Data Factory: The Simulation Engine
Data Factory is a hyper-realistic synthetic data engine. It doesn't just generate random strings; it simulates business behaviors to stress-test modern data platforms.
The Problem
Building data platforms is hard. Testing them is harder. - Production data is sensitive (PII). - Staging data is stale. - Edge cases (e.g. thermal limit failure) rarely happen naturally.
Data Factory solves this by allowing developers to script reality.
Capabilities
1. Behavior Packs
Data Factory uses a plugin system called "Packs" to define domain logic: - Retail Pack: Simulates POS transactions, inventory drift, and customer churn. - IoT Pack: Simulates sensor telemetry, heartbeat loss, and threshold alerts. - Healthcare Pack: Generates HL7/FHIR-like claim streams with tunable error rates.

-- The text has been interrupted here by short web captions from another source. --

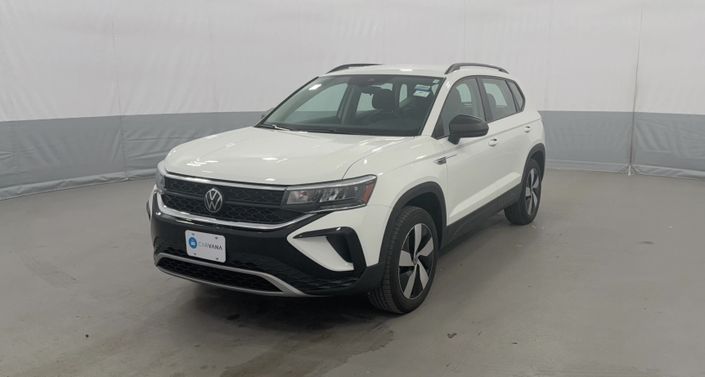 Thumbnail: 2024 Volkswagen Taos - 1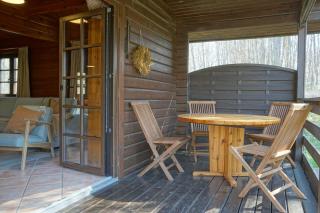 Familienurlaub im Wald am Twistesee Ferienhaus 20 nur 300 m zum See - Grill & Terasse & hundefreundlich - Twistesee-Ferien - Bad Arolsen - 7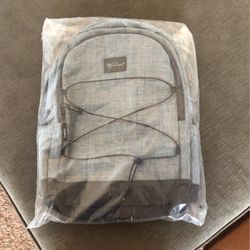 Back Pack Insulated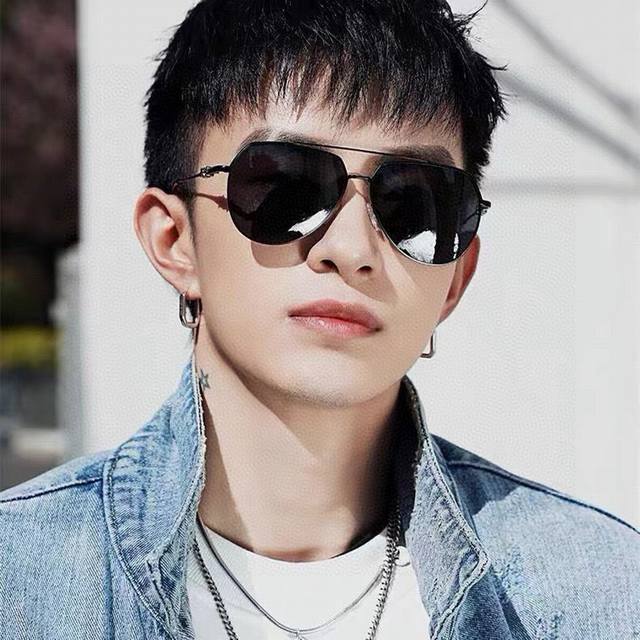 Chrome Heart New-Arrival Sunglasses, Sunglasses, And Goggles With A Unique Desig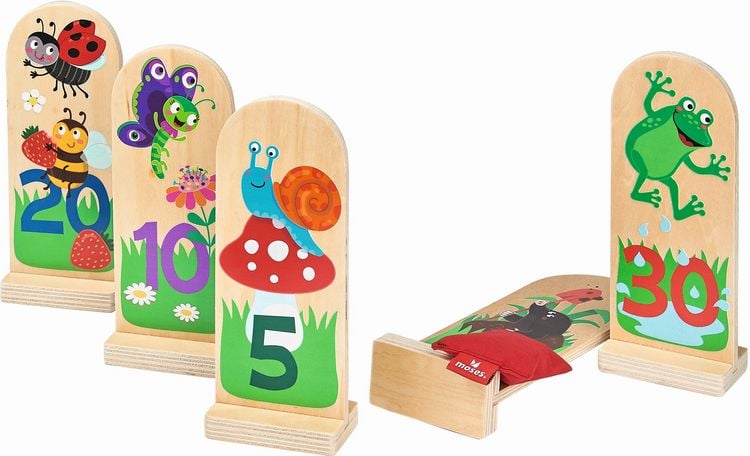 Produktbild: Krabbelk&auml;fer Wurfspiel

2. The "Live Ledger" Orchestrator
At its core is a serverless state machine (AWS Step Functions) that coordinates millions of events. - Batch Mode: Dumps terabytes of history to S3 (Parquet/JSON). - Stream Mode: Pushes thousands of events/sec to Kinesis/Kafka. - Chaos Mode: Intentionally corrupts schema or drops data to test downstream DLQs.
Architecture
The system is fully Infrastructure-as-Code (Terraform) and deployed per-tenant.
flowchart TD
UI[Console UI] --> API[API Gateway]
API --> Lambda[Orchestrator Lambda]
subgraph Engine [Step Function State Machine]
Gen[Generator Kernels]
Chaos[Chaos Monkey]
end
Lambda --> Engine
Engine -->|Batch| S3[(S3 Buckets)]
Engine -->|Stream| Kinesis[Kinesis Data Streams]
S3 --> Telemetry[Telemetry API]
Kinesis --> Telemetry
Telemetry --> UI
Key Components
- Generator Kernels: Optimized Python modules that inflate "Seed" templates into millions of variant records.

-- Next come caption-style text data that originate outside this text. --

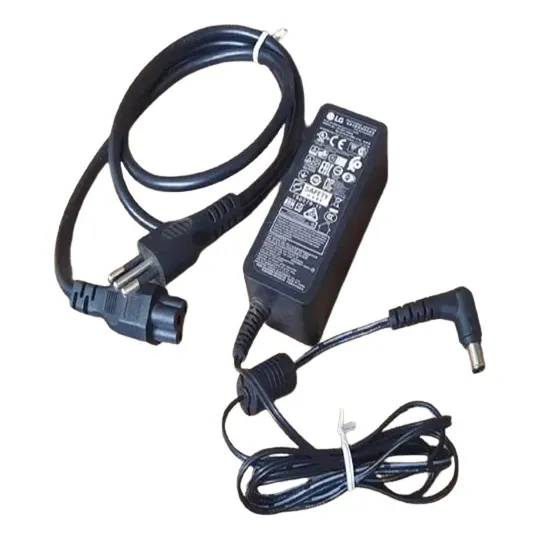 Cargador Ac Power Para Monitores LG 19v-1.3a Original 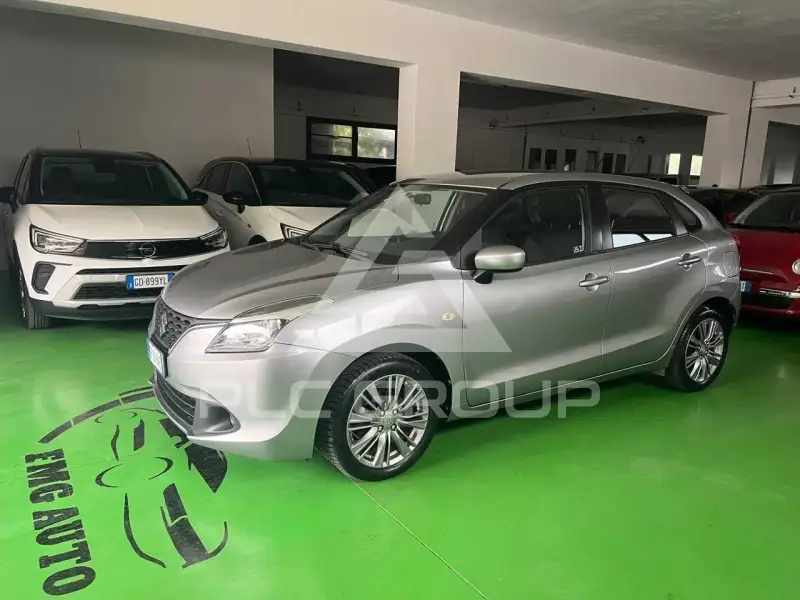2018 Suzuki Baleno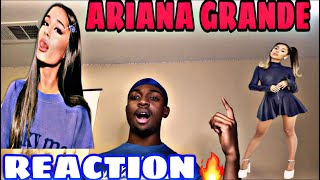 POSITIONS~ARIANA GRANDE REACTION😱‼️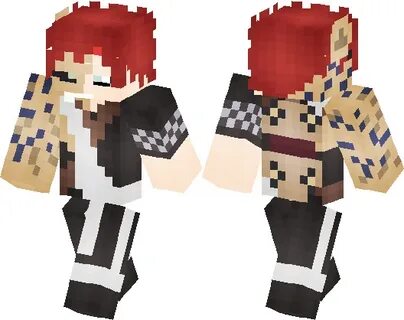 Gaara Naruto Skins Series Minecraft Skin Minecraft Hub All i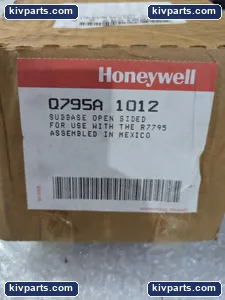 Honeywell Q795A1012 Burner Control – actual item, photo 6 of 7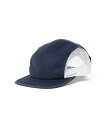【SALE/55%OFF】BEAMS メッシュ レイヤード キャップ ビームス メン 帽子 キャップ ネイビー ブラック ベージュ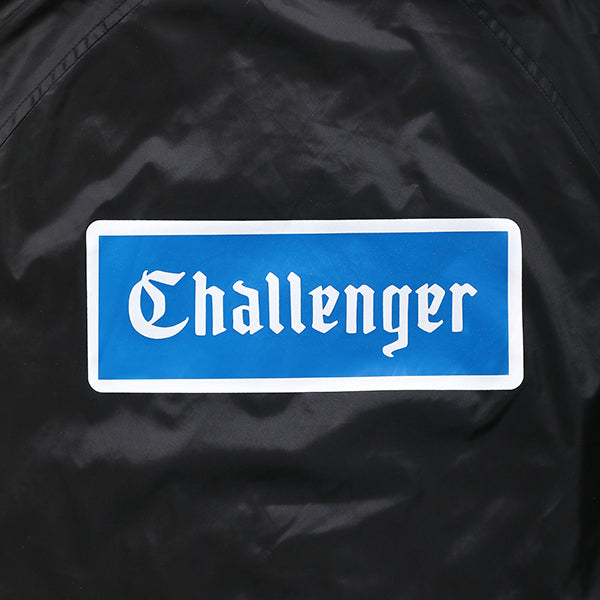 チャレンジャー【CHALLENGER】LOGO COACH JACKET チャレンジャー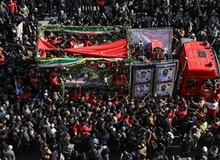سه آتش‌نشان شهید حادثه پلاسکو، به کدام شهرها منتقل شدند؟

- Lifecycle Manager: Handles the spin-up and tear-down of ephemeral test resources.
- Telemetry API: Provides real-time "Events Per Second" metrics back to the console.
Why it Matters
Data Factory allows FMAI (and other platforms) to prove their worth. By generating "Bad Data" on demand, it validates that the governance layers actually work.